■ Work required
In the records below, find the line containing "Sheraton Baku Intourist", then print it and every following line exactly, through the last, without pictures.

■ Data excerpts
════
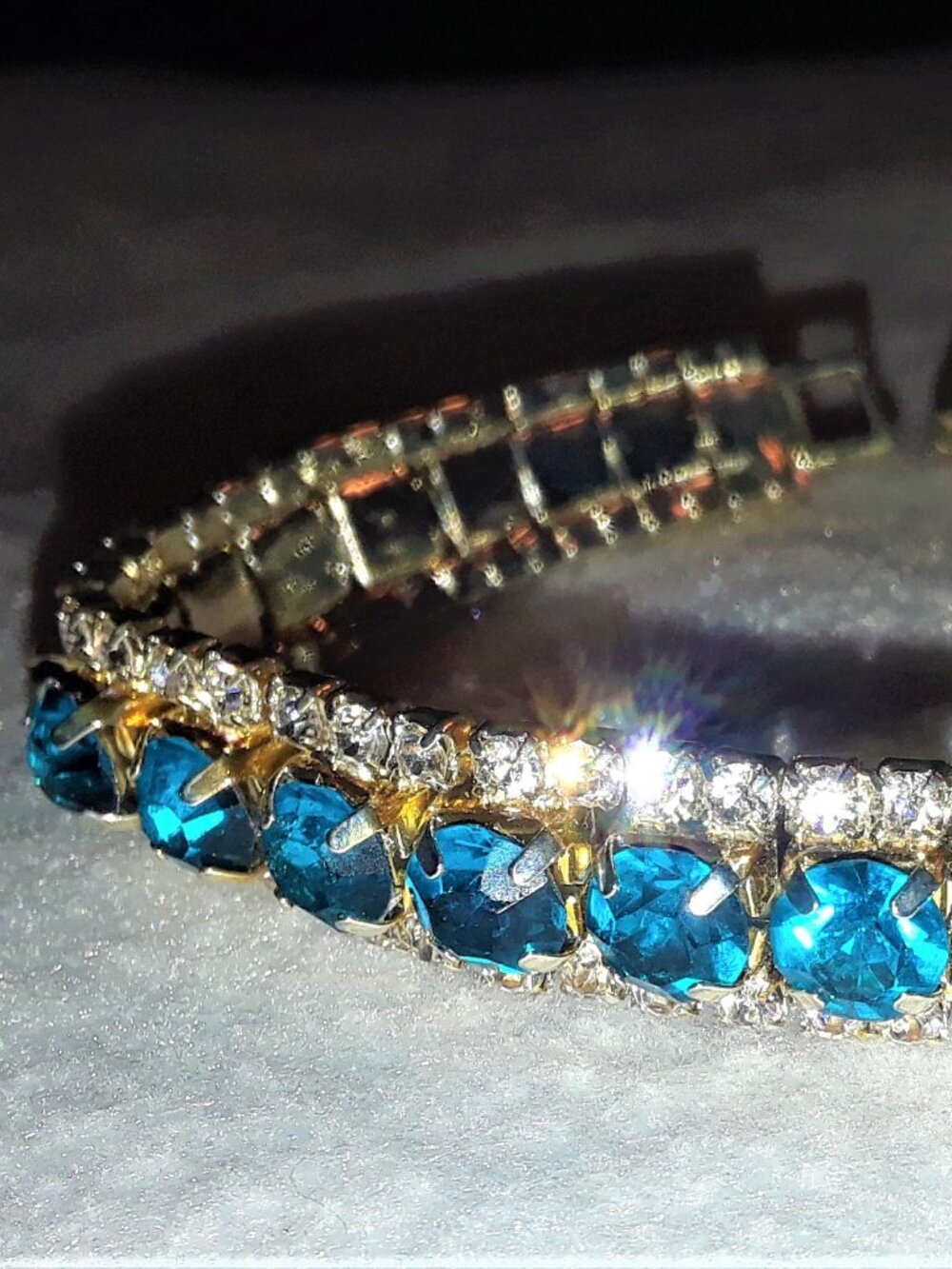 Brand New Luxury London Blue & White CZ Tennis Bracelet - Picture 3 of 12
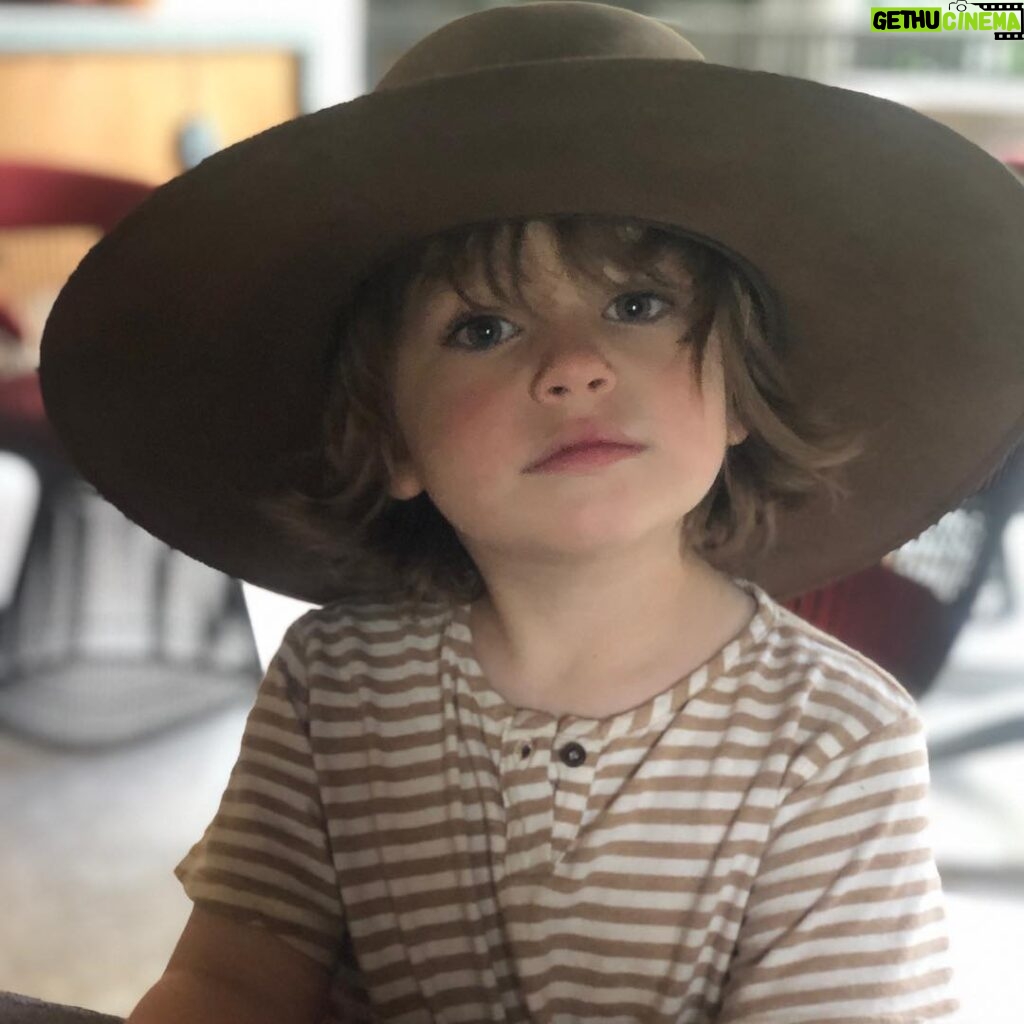 Robin Tunney Instagram - This kid makes me so happy. I cannot see straight.
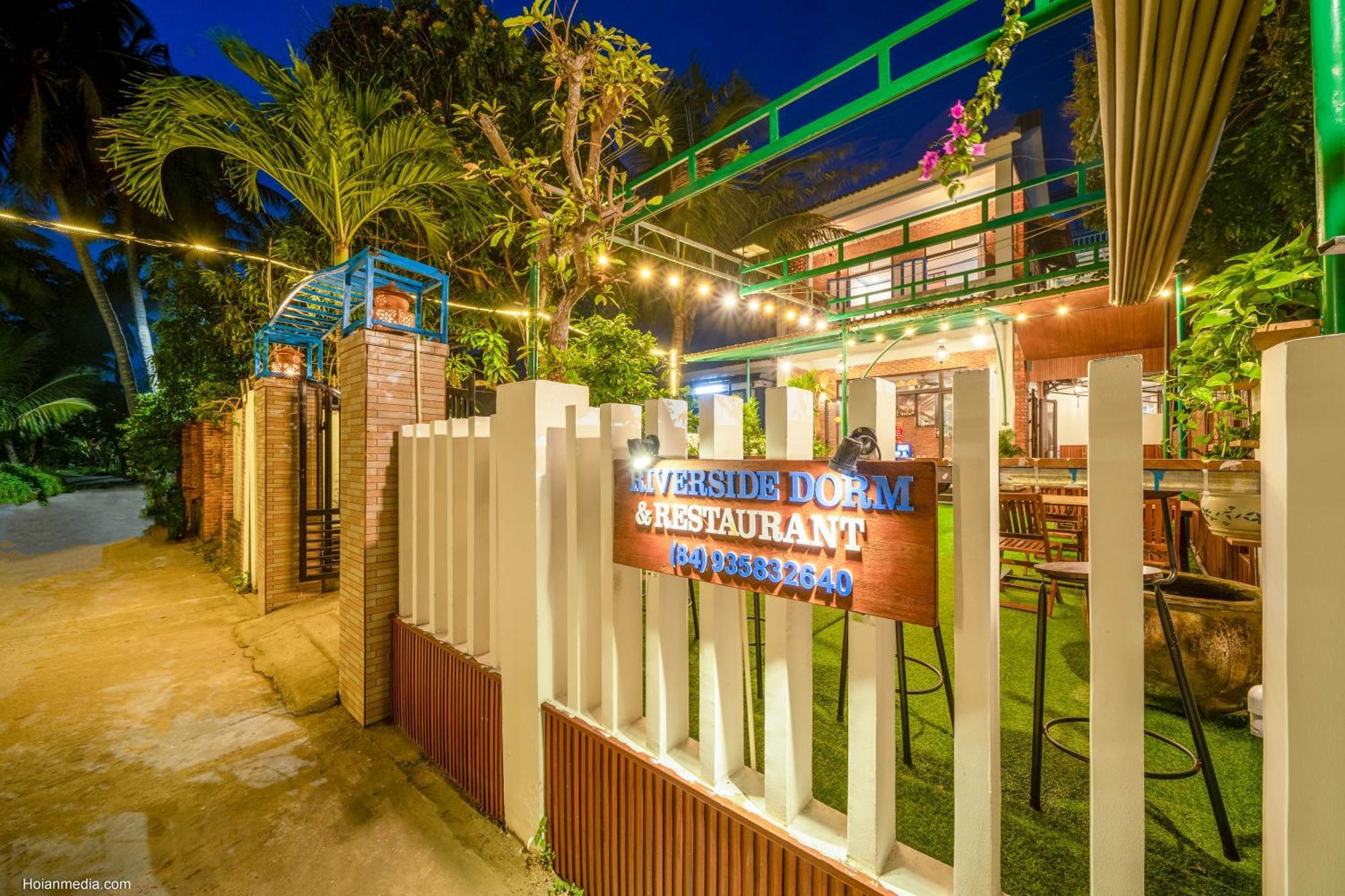 Riverside Dorm And Restaurant Hoi An Exterior foto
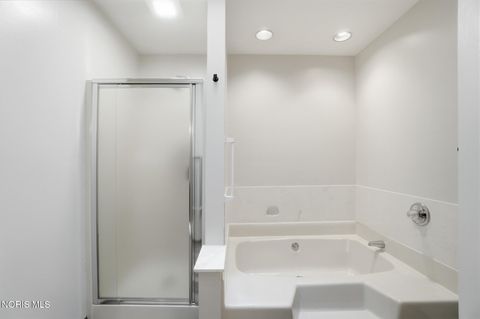 Tiny photo for 2338 Parliament Square, Toledo, OH 43617 (MLS # 10006789)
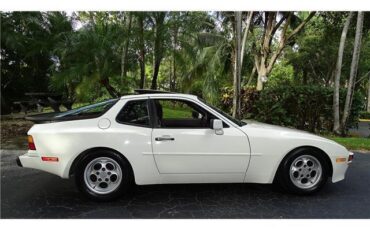 Porsche-944-Coupe-1986-White-Burgundy-72420-3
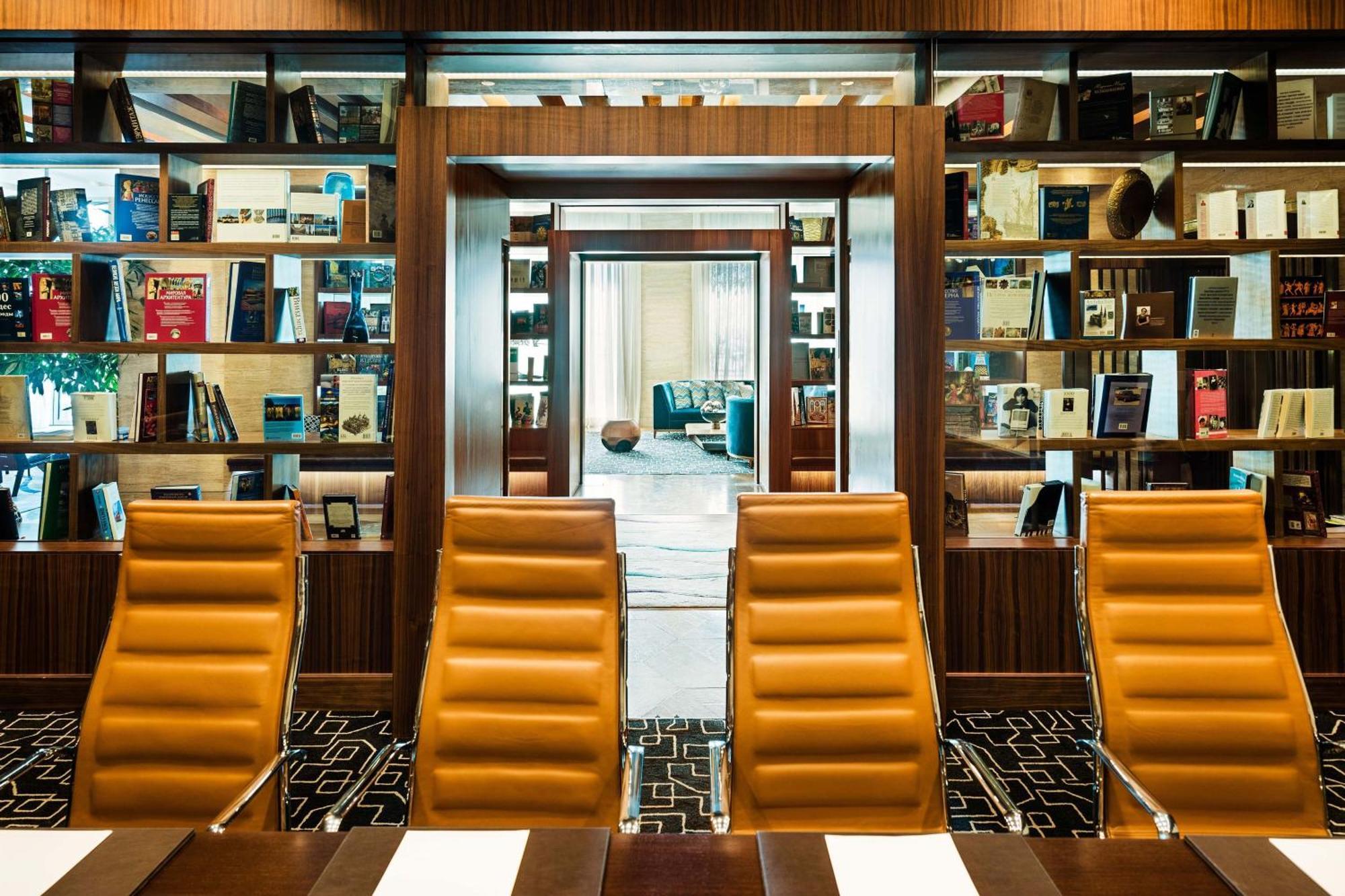 Sheraton Baku Intourist Extérieur photo Library on board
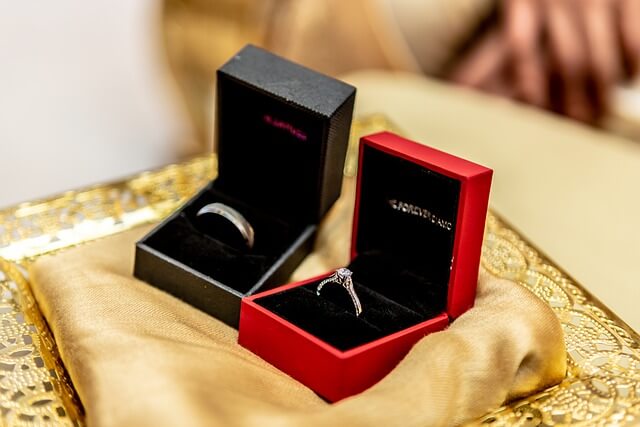 Cleaning and Maintaining Jewellery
════
■ Written answer
 Sheraton Baku Intourist Extérieur photo Library on board
 Cleaning and Maintaining Jewellery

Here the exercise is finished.